INFOKAPUASHULU.ID – Pemerintah Kabupaten Kapuas Hulu menggelar Gerakan Jumat Bersih sekaligus memperingati Hari Peduli Sampah Nasional (HPSN) 2026 di Putussibau, Jumat (13/02/2026).
Acara ini menjadi momentum penting bagi Kabupaten Kapuas Hulu dalam merespons kondisi darurat sampah nasional serta memperkuat komitmen lingkungan di tingkat daerah.
Bupati Kapuas Hulu, Fransiskus Diaan, dalam sambutannya menekankan bahwa kegiatan ini merupakan tindak lanjut langsung dari arahan Presiden Republik Indonesia pada Rakornas Februari 2026 di Jawa Barat.
Fokus utamanya adalah penanganan sampah plastik dan pengelolaan sampah perkotaan dari hulu ke hilir.
Bupati menyampaikan lima poin instruksi Presiden yang harus diimplementasikan di Kapuas Hulu, di antaranya:
Gerakan Indonesia ASRI (Aman, Sehat, Resik, Indah) yang melibatkan lintas sektor.
Budaya “Korve” Kebersihan, yaitu kerja bakti rutin minimal 30 menit setiap pagi di lingkungan kantor pemerintah dan BUMN sebelum memulai aktivitas kerja.
Pembatasan Plastik Sekali Pakai serta percepatan target pengelolaan sampah nasional.
“Arahan ini adalah respons cepat atas kondisi TPA yang terancam over capacity.
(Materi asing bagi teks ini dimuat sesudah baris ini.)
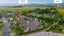 24 St Heliers Place, Papamoa Beach, Papamoa - Carousel 27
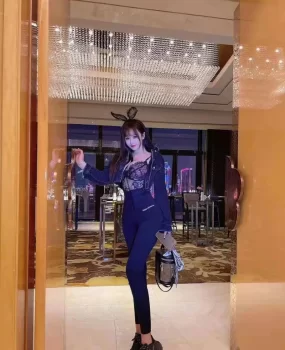 大活靠谱工作室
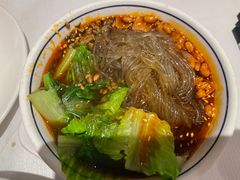 -峨嵋一派
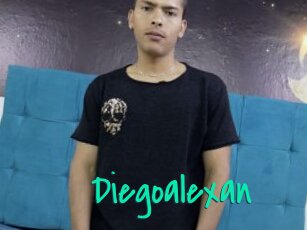 Diegoalexan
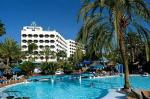 IFA Beach Hotel Picture 7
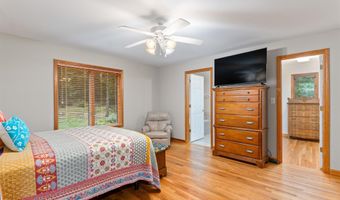 53 Cresta Way, Hot Springs Village, AR 71909
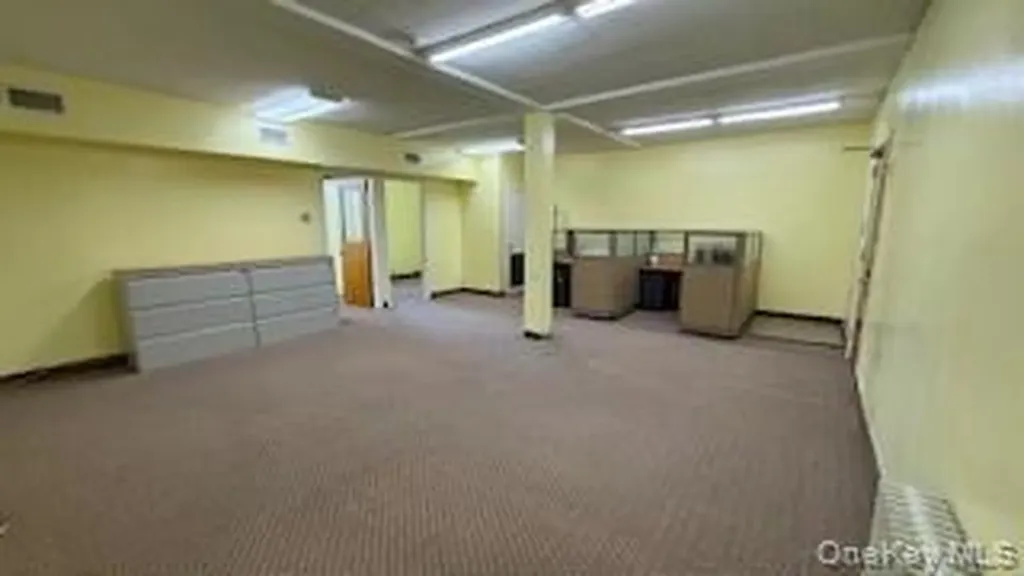 115-01 Lefferts Boulevard South Ozone Park NY 11420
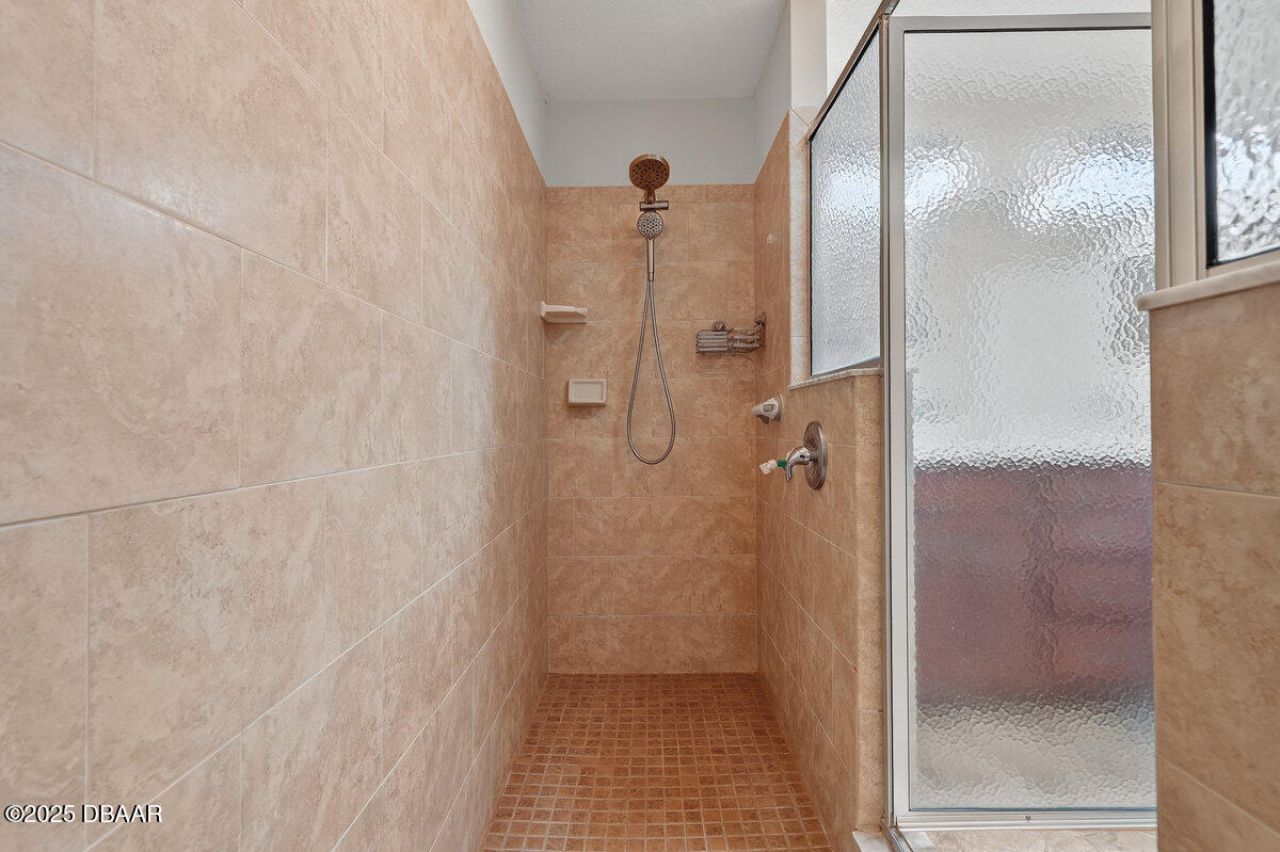 406 Phillips Creek Lane, New Smyrna Beach, FL 32168 Photo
Di Kapuas Hulu sendiri, timbulan sampah tahun 2025 mencapai 50.813 ton/tahun, dengan rata-rata 27 ton sampah masuk ke TPA Sibau Hilir setiap harinya,” ujar Fransiskus.
Dalam kesempatan tersebut, Bupati juga memaparkan progres perbaikan pengelolaan sampah di Kapuas Hulu.
Pasca menerima sanksi administrasi dari Kementerian Lingkungan Hidup terkait metode open dumping (pembuangan terbuka), Pemkab Kapuas Hulu bergerak cepat melakukan pembenahan.
Saat ini, TPA Sibau Hilir telah mulai menerapkan metode control landfill (mengubur sampah), membangun saluran air lindi, serta menambah luasan lahan sebesar 1 hektare.
“Upaya kita telah dinilai oleh tim Gakkum KLH dengan skor 55,85, yang menempatkan Kapuas Hulu di peringkat ketiga terbaik di Kalimantan Barat dalam hal percepatan penataan TPA. Kita diberikan waktu tambahan 6 bulan untuk terus melakukan perbaikan,” jelas Bupati yang akrab disapa Bang Sis tersebut.
Mengakhiri sambutannya, Bupati mengajak seluruh elemen masyarakat, instansi vertikal, TNI/Polri, hingga pelajar untuk menghidupkan kembali Gerakan Jumat Bersih sesuai Surat Edaran Bupati Nomor 696 Tahun 2023.
Ia juga mengimbau masyarakat untuk bijak mengelola sampah dengan prinsip 3R (Reduce, Reuse, Recycle).
“Mari kita bangun kesadaran kolektif. Bukan hanya untuk mengejar target nasional, tapi demi mewujudkan Kapuas Hulu yang bersih, lestari, dan nyaman bagi generasi mendatang,” pungkasnya.